When Ford Racing officials urged the respected shops to, in essence, merge, the rationale was the creation of an information-sharing hedge against the incursion of foreign technology - specifically Toyota, which enters competition in the NASCAR truck series this year.
"Toyota is coming with a really good program," Roush said. "We know what they're up to. We've seen what they do when they come into a series. They raise the bar on technology and a lot of money will be spent."
General Motors program director Jim Covey knows that well. GM had won every Indy Racing League manufacturers title since the circuit's inception in 1996 before Toyota took it away in its first season in 2003.
"Chevy dominated the IRL," Covey said. "Toyota and Honda came in with 10 times the people and 10 times the resources and suddenly the resources we had weren't sufficient."
In its NASCAR program, Chevrolet publishes monthly bulletins of noncompetitive breakthroughs made by each racing team. Dodge teams also share a large amount of information.
"We Ford teams were in more disarray than, say, Dodge was," Roush said. "(Dodge team owners Ray) Evernham and (Roger) Penske may not be cooperating on a lot, but Dodge factory guys do a real nice job with the parts. They do more individual development than Ford had done.
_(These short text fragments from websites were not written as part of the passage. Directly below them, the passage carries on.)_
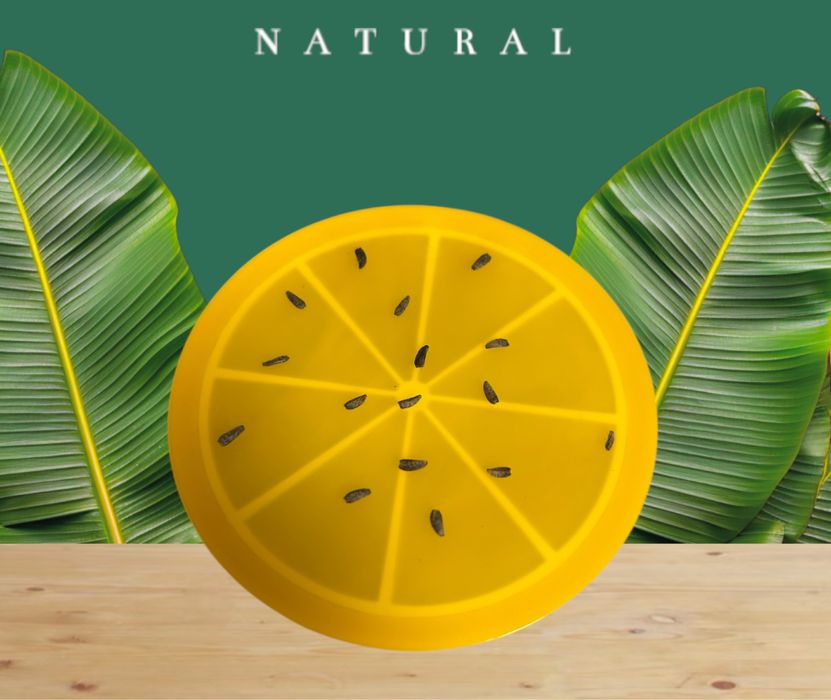 Seminte de brusture BIO pentru plantat cultivat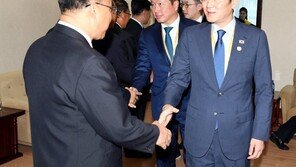 최선희 이어 北리룡남 내각부총리도 방중…北中 밀착 강화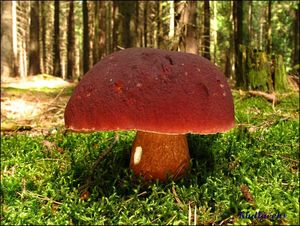 Klikni pro velký obrázek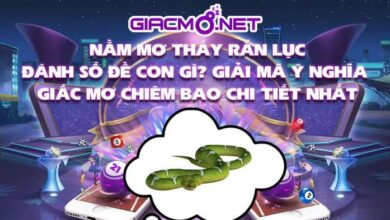 Nằm mơ thấy rắn lúc đánh con gì?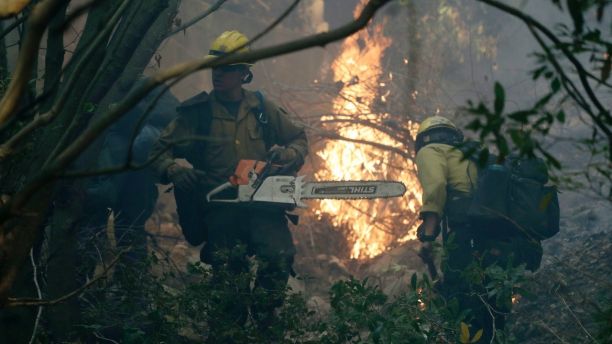 Firefighters from Kern County, Calif., work to put out hot spots during a wildfire Saturday, Dec. 16, 2017, in Montecito, Calif. (AP Photo/Chris Carlson)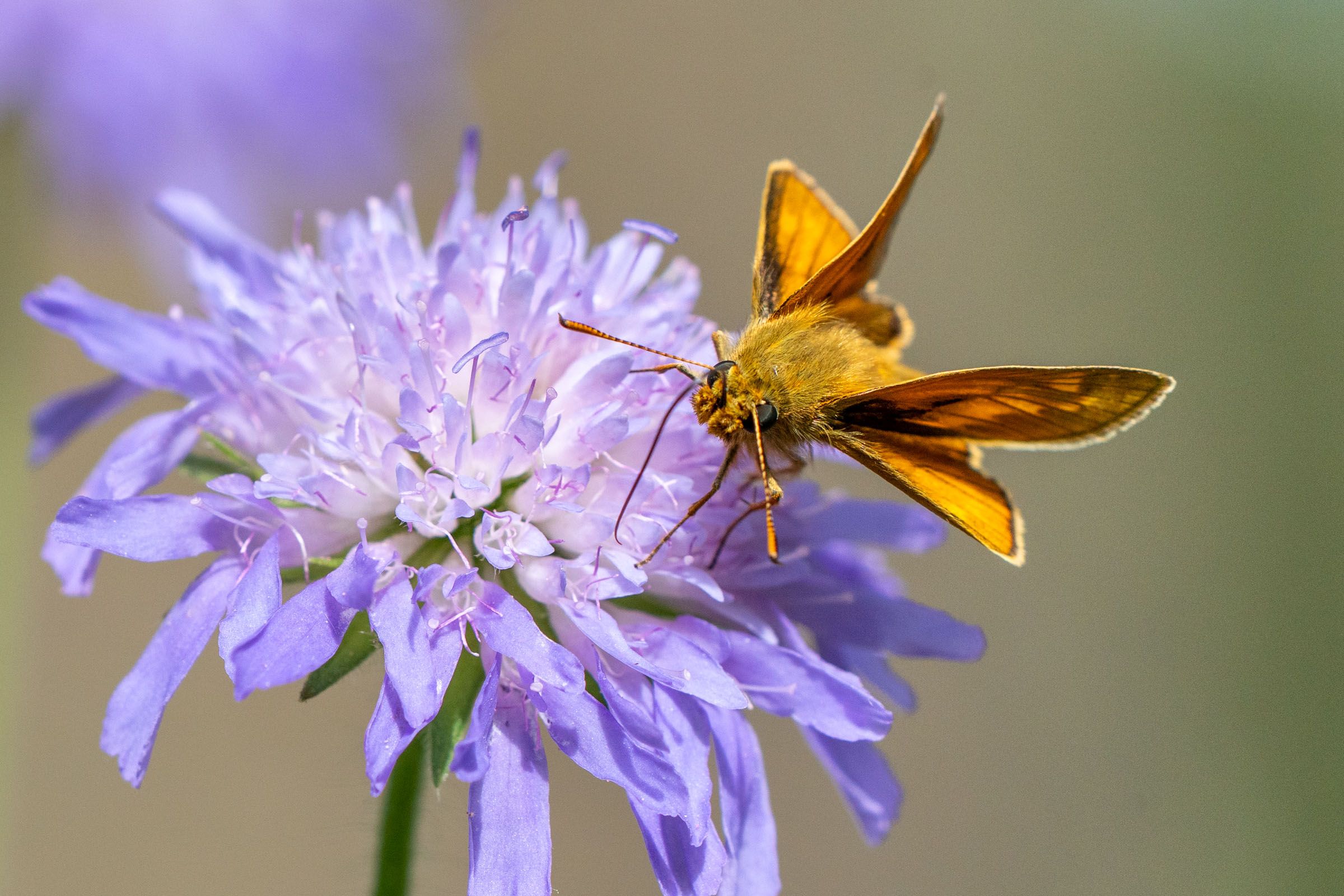 Dickkopffalter auf Scabiose | Bild: Heinrich Inkoferer Dickkopffalter auf Scabiose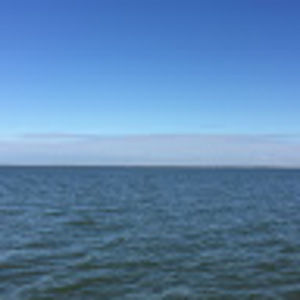 Meet your Posher, Conrad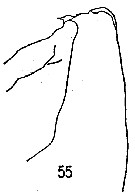 Espce Chirundinella magna - Planche 13 de figures morphologiques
Robert had done some things and Ford had done some things and we weren't sharing, and we can spend the dollars a lot better by sharing."
Combining the power of a Yates engine and the fuel efficiency of a Roush product is the goal. Roush had planned to move his engine shop from Michigan to the Charlotte area eventually, and Yates' offer to buy into his operation expedited the process by 18 months.
The timing made sense for Roush, he said, "with the energy we have coming off a championship." Busch, Burton and Martin finished 11th, 12th and 17th, respectively. Yates had no such momentum after Sadler finished 22nd and Jarrett 26th.
Sadler is not sure whom he will run into at the soda machine on a given day, but he likes the new energy.
"It's cool, man," he said. "New guys are coming in every day. I thought I'd never see the things that are happening now. I came in for runs (Tuesday) and Jack and Robert are looking at the plugs together trying to get the motors the best we can."
The product cannot be judged until newly approved parts are applied to engines in late spring, but Martin used an engine assembled by both shops in testing last week at Daytona International Speedway. Synthesizing the operations certainly will spark some interesting discussions on the shop floor and in the front offices.
"Roush wants to do it this way, Yates wants to do it this way and Penske used to want to do it this way when he was with Ford and sometimes it didn't get done," Yates said. "Now we're all on the same page. We have to get it done."